Andy Swallow

Personal information
- Full name: Andrew Swallow
- Birth name: Andrew Kregsdis
- Date of birth: 11 August 1904
- Place of birth: Bellshill, Scotland
- Date of death: 15 June 1969 (aged 64)
- Place of death: Perth, Scotland
- Height: 5 ft 9+1⁄2 in (1.77 m)
- Position(s): Centre half; Left half;

Senior career*
- Years: Team / Apps / (Gls)
- –: Shettleston
- 1924–1930: St Johnstone / 179 / (6)
- 1930–1935: Millwall / 40 / (3)
- 1935–1936: Morton / 31 / (0)
- Total:  / 250 / (9)

= Andy Swallow =

Scottish association football player

Andrew Swallow (11 August 1904 – 15 June 1969) was a Scottish footballer who played as a centre half or left half.

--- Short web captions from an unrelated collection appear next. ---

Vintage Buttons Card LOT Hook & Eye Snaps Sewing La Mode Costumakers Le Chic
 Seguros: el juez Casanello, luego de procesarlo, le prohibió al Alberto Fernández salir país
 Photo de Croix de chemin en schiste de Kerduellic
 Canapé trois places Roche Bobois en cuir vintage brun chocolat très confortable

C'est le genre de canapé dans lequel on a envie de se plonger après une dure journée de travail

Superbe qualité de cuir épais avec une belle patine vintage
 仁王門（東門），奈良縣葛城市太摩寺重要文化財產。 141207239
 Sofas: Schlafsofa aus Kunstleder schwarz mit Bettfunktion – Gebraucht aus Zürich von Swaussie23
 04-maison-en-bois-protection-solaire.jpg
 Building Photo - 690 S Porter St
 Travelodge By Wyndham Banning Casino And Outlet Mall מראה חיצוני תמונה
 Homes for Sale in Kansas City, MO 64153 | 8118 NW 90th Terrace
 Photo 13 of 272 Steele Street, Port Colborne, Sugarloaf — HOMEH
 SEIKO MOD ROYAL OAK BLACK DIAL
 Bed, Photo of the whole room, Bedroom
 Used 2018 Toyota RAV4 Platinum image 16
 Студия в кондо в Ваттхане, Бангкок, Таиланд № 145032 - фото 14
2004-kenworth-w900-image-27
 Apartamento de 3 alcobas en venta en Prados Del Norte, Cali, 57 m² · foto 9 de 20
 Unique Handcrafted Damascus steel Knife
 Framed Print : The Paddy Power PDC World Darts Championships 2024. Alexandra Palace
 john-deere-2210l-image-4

A member of North Lanarkshire's Lithuanian immigrant community and registered at birth with the surname Kregždė (anglicised to Kregsdis, this translates to swallow which was subsequently adopted by the family) he began his senior career with St Johnstone, newly promoted to Scottish Division One in November 1924. From then he was a regular presence in the Saints defence alongside the likes of Hugh Lafferty and Willie Imrie, making nearly 200 appearances in the league and Scottish Cup as the Perth club maintained their top-level status until the end of the 1929–30 season when they were relegated, at which point Swallow departed, moving on to English football with Millwall. He played less regularly for the Lions than he had in Scotland, making 40 appearances across five years (four in the Football League Second Division and the last in the Third Division South). In 1935 he returned north of the border and spent one season with Morton. He spent his later life working as a bookmaker's clerk in Perth, his wife's hometown.

Swallow was a member of a Scottish Football Association party which toured North America in 1927, but never received a full cap for Scotland.